Question: Who Was the First Named Author?
We can't know scientifically who the first non-divine writer was, but we can make a stab at the earliest named writer or author whose name is credited. Even so, there is controversy.
Answer:
- In the Shin-eqi-unninni tablets, found in the 19th century by Austen Henry Layard, Shin-eqi-unninni is credited with writing the Epic of Gilgamesh. In Akkadian cuneiform, the twelve tablets were found damaged in the ruins of the library of Ashurbanipal of Assyria (669-633 B.C.). The tablets actually name Shin-eqi-unninni as the author of the work of literature, which may make Shin-eqi-unninni the earliest named author. Gilgamesh is thought to have lived around 2700 B.C. If Shin-eqi-unninni wrote shortly thereafter he could have a claim to being the first named literary writer.
Sources include: (www.wsu.edu/~dee/MESO/GILG.HTM) Gilgamesh
However, in John Gardner's translation of the Epic of Gilgamesh, he ascribes "Sin-leqi-unninni" to the early XVth century (~1400 B.C.).

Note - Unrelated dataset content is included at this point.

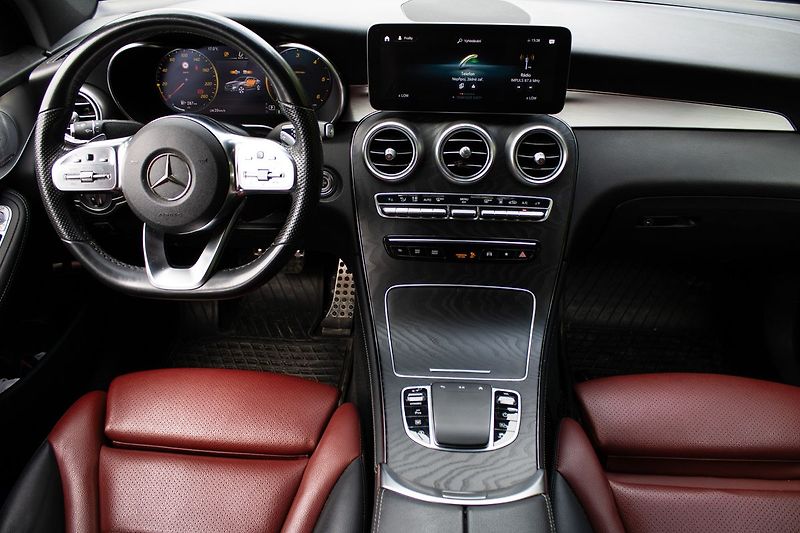 Mercedes-Benz GLC - fotka 18 z 20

- The first female writer (of hymns), Enheduanna, has a better claim to being the first writer, in Sumerian (an earlier language than Akkadian), from the 23d century B.C.
From a reader:
Something like 4,000 lines of Enheduanna's poetry, much of it believed by her translators to be original to her, have been either unearthed or reassembled in coherent form (there was a lot of "divvying up" of tablets and artifacts among cooperating institutions from the digs in the 1920s, many of the former of which have been only recently reunited), and published in modern (mostly English) translation, since 1990.
See, e. g., Inanna, Lady of Largest Heart : poems of the Sumerian high priestess Enheduanna / [edited] by Betty De Shong Meador ;1st ed.Austin : University of Texas Press, 2000. ISBN: 0292752415
Enheduanna's name appears at the beginning, but within the bodies, of the texts of three long poems published therein: "Inanna and Ebih," "Lady of Largest Heart" and "The Exaltation of Inanna."